Wells' book is available for download on PdfDrive. Puzzle #38 appears in the section of problems attributed to Abū al-Wafā and is preceeded by the comment that "he is best known for his study of geometrical dissections and of constructions with a rusty compass, meaning a compass which is so stiff that it can be used with only one opening". In the solution section he adds "Abul Wafa gave five different solutions. Here are three of them". There is no citation except for "[Berggren, 1986]" at the bottom of the page after the three solutions. As indicated in the OP, this apparently refers to Berggren's Episodes in the Mathematics of Medieval Islam. Similar citation appears under #45. Some others (#41,#42) have "[Wells, 1975]", which is his own article On Gems and Generalisations in Games and Puzzles magazine.

Berggren's book is available on ResearchGate (one can download from it after registering). In it section 8 of chapter 3 is entitled Geometry with a Rusty Compass and features five problems from Abū al-Wafā's On Those Parts of Geometry Needed by Craftsmen on pp. 107-111. They are:

1. To construct at the endpoint A of a segment AB a perpendicular to that segment, without prolonging the segment beyond A.
   
2. To divide a line segment into any number of equal parts.
   
3. To bisect a given angle.
   
4. To construct a square in a given circle.
   
5. To construct in a given circle a regular pentagon with a compass opening equal to the radius of the circle.
   

At the end he adds "Abū al-Wafā”s treatise contains a wealth of beautiful constructions for regular ngons, including exact constructions for n = 3, 4, 5, 6, 8, 10. It also gives a verging construction for n = 9 which goes back to Archimedes and the approximation for n = 7 that gives the side of a regular heptagon in a circle as equal to half the side of an inscribed equilateral triangle." Some of these do appear as Wells's "puzzles" (#44,#45), but apparently not #38 or several others. Nor does it appear as an exercise to the chapter 3, or in chapter 5 on trigonometry, where Abū al-Wafā is also featured. Presumably, Wells got the missing ones from somewhere, perhaps even directly from Geometry Needed by Craftsmen, but he does not say.

Answer 2

Denote $\beta=\angle MBC,\;\alpha=\angle DMN,\;\gamma=\angle CDH$. We have: $$\tan\beta=1/2,\quad\cos\alpha=-\sin\beta=-1/\sqrt{5},\quad\sin\alpha=\cos\beta=2/\sqrt{5}.$$ Take $DM=1$, then $MN=\sqrt{5}-2$, and let $x=DN$. By the rule of cosines, $$x^2=1^2+(\sqrt{5}-2)^2+2(\sqrt{5}-2)/\sqrt{5}=12-24/\sqrt{5}.$$ Then by the rule of sines, $$\sin\gamma=\frac{(\sqrt{5}-2)(2/\sqrt{5})}{\sqrt{12-24/\sqrt{5}}}\approx0.1875,$$ and the calculator gives $\gamma\approx 10.8$ degrees.

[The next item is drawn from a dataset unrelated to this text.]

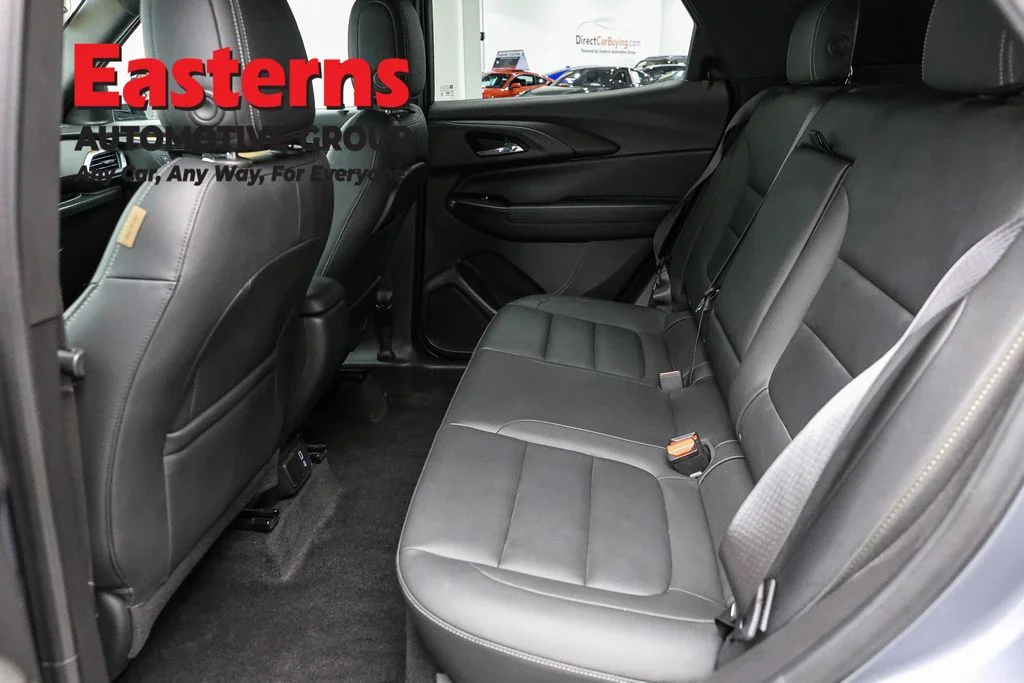 Used 2021 Gray Chevrolet ACTIV image 21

Remark. An internet search finds a Russian translation of this book of Abu'l Wafa,

Абу-л-Вафа ал-Бузджани. Книга о том, что необходимо ремесленнику из геометрических построений. Физико-математические науки в странах Востока, 1966, 1, 56-140.

This is a collection of translations. But this book I could not find on Internet.

Remark: since the true solution involves a construction of $2-\sqrt{3}$ with a compass and ruler, which is easy, it is plausible that Abu'l Wafa had a correct construction which was distorted by some scribe, or translator, or by Wells himself. But there is no answer to this unless we get some translation of Abu'l Wafa.